Just as Alex and Mitch are getting along, a new revelation comes out that Mitch specifically targeted Black women in his assaults. Alex gets angry again, reiterates that she wants the statement from Mitch denying their affair, and Mitch acquiesces, mostly because he sees no reason to ruin her life, too. Alex departs on chilly but amicable terms with Mitch, and after she leaves, Mitch goes back to his girlfriend’s house. They have sex, but afterward, Mitch decides to go get his girlfriend a pack of cigarettes.

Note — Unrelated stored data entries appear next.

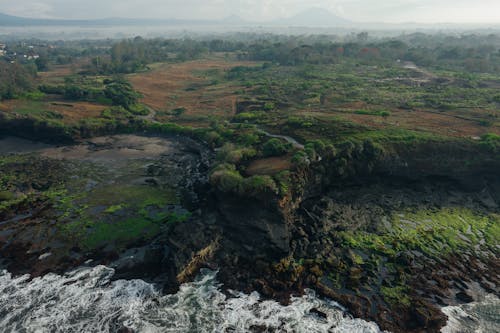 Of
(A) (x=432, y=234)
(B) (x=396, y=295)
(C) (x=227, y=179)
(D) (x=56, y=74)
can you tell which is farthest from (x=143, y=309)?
(D) (x=56, y=74)

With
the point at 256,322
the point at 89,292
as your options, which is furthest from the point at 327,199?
the point at 89,292

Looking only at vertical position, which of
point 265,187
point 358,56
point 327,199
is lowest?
point 327,199

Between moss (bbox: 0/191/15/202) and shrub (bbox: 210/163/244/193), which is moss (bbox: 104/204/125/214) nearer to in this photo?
shrub (bbox: 210/163/244/193)

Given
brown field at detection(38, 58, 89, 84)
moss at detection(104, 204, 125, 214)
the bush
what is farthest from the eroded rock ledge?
brown field at detection(38, 58, 89, 84)

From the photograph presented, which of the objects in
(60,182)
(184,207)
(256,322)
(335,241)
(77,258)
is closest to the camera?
(256,322)

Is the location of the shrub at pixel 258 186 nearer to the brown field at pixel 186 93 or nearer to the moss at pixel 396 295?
the moss at pixel 396 295

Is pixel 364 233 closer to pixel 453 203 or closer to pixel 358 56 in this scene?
pixel 453 203

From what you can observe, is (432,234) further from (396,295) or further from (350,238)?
(396,295)

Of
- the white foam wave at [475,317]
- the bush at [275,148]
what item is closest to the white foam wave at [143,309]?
the white foam wave at [475,317] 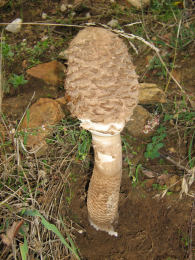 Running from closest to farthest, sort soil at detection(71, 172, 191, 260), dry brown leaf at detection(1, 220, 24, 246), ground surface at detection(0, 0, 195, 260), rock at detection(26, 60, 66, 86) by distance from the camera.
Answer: dry brown leaf at detection(1, 220, 24, 246)
ground surface at detection(0, 0, 195, 260)
soil at detection(71, 172, 191, 260)
rock at detection(26, 60, 66, 86)

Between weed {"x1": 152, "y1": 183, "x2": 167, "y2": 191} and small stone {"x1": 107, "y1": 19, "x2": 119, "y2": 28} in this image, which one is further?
small stone {"x1": 107, "y1": 19, "x2": 119, "y2": 28}

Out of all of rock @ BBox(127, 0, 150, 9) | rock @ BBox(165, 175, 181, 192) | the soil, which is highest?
rock @ BBox(127, 0, 150, 9)

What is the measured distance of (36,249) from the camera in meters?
1.70

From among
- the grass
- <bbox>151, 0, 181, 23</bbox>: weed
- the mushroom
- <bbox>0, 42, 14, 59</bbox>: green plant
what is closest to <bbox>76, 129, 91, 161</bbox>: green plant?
the grass

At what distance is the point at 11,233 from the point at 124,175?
1.27 metres

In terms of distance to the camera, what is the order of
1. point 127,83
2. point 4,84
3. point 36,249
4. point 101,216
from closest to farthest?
point 127,83
point 36,249
point 101,216
point 4,84

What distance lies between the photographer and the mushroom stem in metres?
1.71

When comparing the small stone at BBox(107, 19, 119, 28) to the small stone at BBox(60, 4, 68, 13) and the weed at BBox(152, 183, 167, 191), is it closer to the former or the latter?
Result: the small stone at BBox(60, 4, 68, 13)

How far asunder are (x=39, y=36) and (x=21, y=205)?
9.03ft

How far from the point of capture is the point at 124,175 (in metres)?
2.49

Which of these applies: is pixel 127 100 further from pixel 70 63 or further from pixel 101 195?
pixel 101 195

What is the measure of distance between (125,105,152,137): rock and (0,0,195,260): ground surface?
84 millimetres

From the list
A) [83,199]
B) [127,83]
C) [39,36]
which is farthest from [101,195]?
[39,36]

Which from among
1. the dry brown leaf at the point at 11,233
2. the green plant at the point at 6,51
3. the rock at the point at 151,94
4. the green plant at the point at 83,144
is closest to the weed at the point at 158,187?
the green plant at the point at 83,144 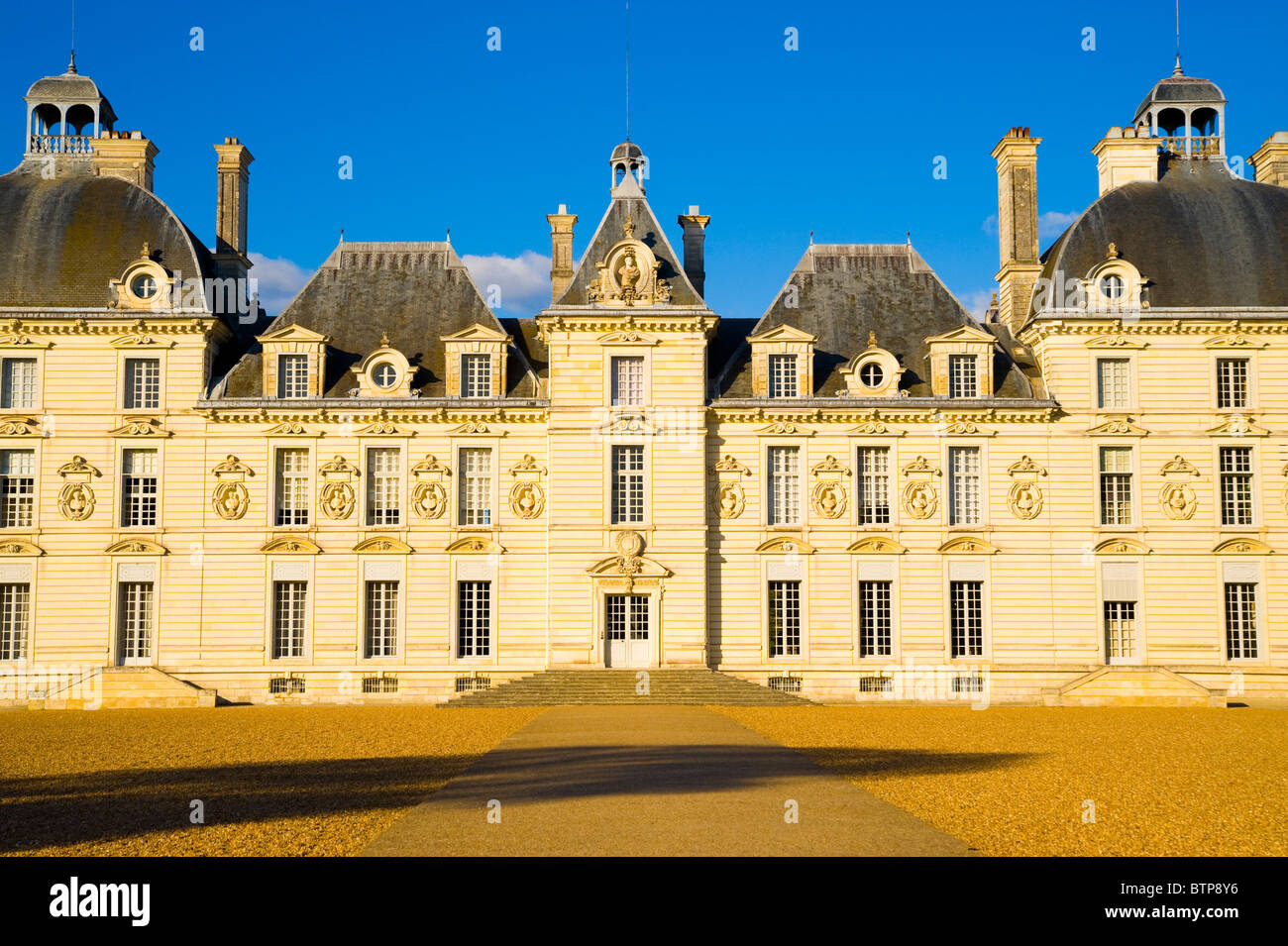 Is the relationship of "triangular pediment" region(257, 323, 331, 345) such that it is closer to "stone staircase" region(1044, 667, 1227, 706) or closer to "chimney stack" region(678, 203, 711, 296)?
"chimney stack" region(678, 203, 711, 296)

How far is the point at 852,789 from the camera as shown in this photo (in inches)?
595

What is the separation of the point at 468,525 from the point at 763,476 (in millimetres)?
8048

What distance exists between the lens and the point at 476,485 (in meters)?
33.7

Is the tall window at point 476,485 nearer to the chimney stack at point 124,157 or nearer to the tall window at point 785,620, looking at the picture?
the tall window at point 785,620

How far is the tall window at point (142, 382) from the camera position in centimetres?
3375

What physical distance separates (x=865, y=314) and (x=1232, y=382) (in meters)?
10.0

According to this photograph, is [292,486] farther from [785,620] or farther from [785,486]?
[785,620]

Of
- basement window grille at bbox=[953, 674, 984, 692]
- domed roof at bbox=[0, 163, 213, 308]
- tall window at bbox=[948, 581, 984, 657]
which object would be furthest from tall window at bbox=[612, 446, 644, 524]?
domed roof at bbox=[0, 163, 213, 308]

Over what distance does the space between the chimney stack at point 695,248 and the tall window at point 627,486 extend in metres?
6.15

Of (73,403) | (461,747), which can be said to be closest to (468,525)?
(73,403)

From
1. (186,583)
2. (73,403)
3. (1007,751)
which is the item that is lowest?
(1007,751)

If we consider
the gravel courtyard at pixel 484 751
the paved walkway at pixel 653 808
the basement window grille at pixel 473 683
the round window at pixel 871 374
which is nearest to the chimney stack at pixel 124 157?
the gravel courtyard at pixel 484 751

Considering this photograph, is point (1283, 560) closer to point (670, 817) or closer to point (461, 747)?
point (461, 747)

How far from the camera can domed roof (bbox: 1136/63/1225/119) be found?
3756 centimetres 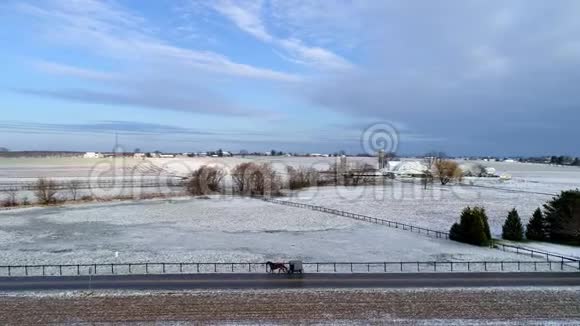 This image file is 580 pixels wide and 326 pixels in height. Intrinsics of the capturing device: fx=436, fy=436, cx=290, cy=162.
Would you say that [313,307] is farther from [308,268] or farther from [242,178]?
[242,178]

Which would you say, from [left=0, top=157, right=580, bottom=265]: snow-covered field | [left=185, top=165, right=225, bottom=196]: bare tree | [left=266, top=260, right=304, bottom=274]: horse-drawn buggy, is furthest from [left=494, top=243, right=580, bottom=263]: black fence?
[left=185, top=165, right=225, bottom=196]: bare tree

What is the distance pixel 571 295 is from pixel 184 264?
23.2 m

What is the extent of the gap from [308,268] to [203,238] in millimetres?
15146

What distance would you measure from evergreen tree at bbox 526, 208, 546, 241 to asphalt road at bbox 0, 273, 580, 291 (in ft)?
46.3

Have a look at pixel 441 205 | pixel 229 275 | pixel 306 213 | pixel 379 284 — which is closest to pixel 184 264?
pixel 229 275

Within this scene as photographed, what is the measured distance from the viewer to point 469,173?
139375mm

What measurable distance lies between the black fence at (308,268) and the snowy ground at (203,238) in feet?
6.16

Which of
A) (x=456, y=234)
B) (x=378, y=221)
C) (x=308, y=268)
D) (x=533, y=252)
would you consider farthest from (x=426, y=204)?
(x=308, y=268)

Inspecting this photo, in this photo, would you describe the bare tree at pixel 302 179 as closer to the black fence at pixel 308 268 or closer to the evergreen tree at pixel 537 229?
the evergreen tree at pixel 537 229

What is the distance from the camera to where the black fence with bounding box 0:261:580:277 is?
28.4 m

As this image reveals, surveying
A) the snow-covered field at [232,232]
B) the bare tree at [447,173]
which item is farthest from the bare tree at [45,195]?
the bare tree at [447,173]

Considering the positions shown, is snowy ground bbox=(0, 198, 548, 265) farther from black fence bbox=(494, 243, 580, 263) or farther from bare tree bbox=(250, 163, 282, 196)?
bare tree bbox=(250, 163, 282, 196)

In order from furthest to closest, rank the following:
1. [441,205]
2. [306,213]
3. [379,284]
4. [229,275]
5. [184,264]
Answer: [441,205], [306,213], [184,264], [229,275], [379,284]

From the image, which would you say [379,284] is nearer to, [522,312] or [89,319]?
[522,312] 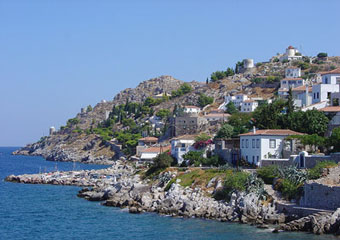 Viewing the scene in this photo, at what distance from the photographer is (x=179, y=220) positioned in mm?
45062

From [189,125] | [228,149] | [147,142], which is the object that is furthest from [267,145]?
[147,142]

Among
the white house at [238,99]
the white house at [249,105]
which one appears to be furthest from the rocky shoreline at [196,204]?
the white house at [238,99]

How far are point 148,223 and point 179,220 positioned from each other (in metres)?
2.63

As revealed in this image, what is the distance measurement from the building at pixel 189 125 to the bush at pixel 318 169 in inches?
2261

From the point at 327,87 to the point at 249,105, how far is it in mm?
34284

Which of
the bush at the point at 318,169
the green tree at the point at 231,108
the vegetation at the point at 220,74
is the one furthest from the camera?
the vegetation at the point at 220,74

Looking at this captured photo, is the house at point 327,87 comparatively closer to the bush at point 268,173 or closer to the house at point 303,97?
the house at point 303,97

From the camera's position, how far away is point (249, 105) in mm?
108625

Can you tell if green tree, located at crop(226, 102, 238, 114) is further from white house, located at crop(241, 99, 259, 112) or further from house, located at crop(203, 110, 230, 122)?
house, located at crop(203, 110, 230, 122)

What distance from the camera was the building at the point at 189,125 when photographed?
339 ft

At this point, there’s a nearly five-minute sequence that alternates back and forth between Mitch — driving to get cigarettes — and Alex, driving to the airport to get back home. Neither character speaks during this sequence, although it’s clear Alex is trying to stay awake and figure out what she’s going to do when she gets back to the States. Mitch, meanwhile, starts to relive all of his bad moments, fights with Alex, the divorce his wife asked for, his firing, etc. As he’s doing this, a car comes around the corner and its headlights blind Mitch and he drives off a cliff, plunging to his death. His final thought is of that big, heartfelt embrace he received from Alex before she left his house.

That is how the episode ends. That is how Mitch Kessler dies. That is how they write poor Steve Carell out of this terrible storyline that worked in the context of the first season, but seemed to exist only so they could continue to put Carell’s name on the poster in the second season. I’ve seen next week’s episode, but all I will say is that, even in death, Mitch Kessler’s heinous behavior continues to reverberate.

I guess we’re supposed to feel a little sad for the poor, wealthy man who lost his job because of a pattern of rape, sexual misconduct, and abuse of power that went back years? Because, y’all: Rapists are people, too! And he was trying to be a better man (by convincing others to teach him how)! And he didn’t even realize he was targeting Black women, so how could that be racist?

Whatever. RIP Mitch Kessler, a terrible character played exceptionally by Steve Carell.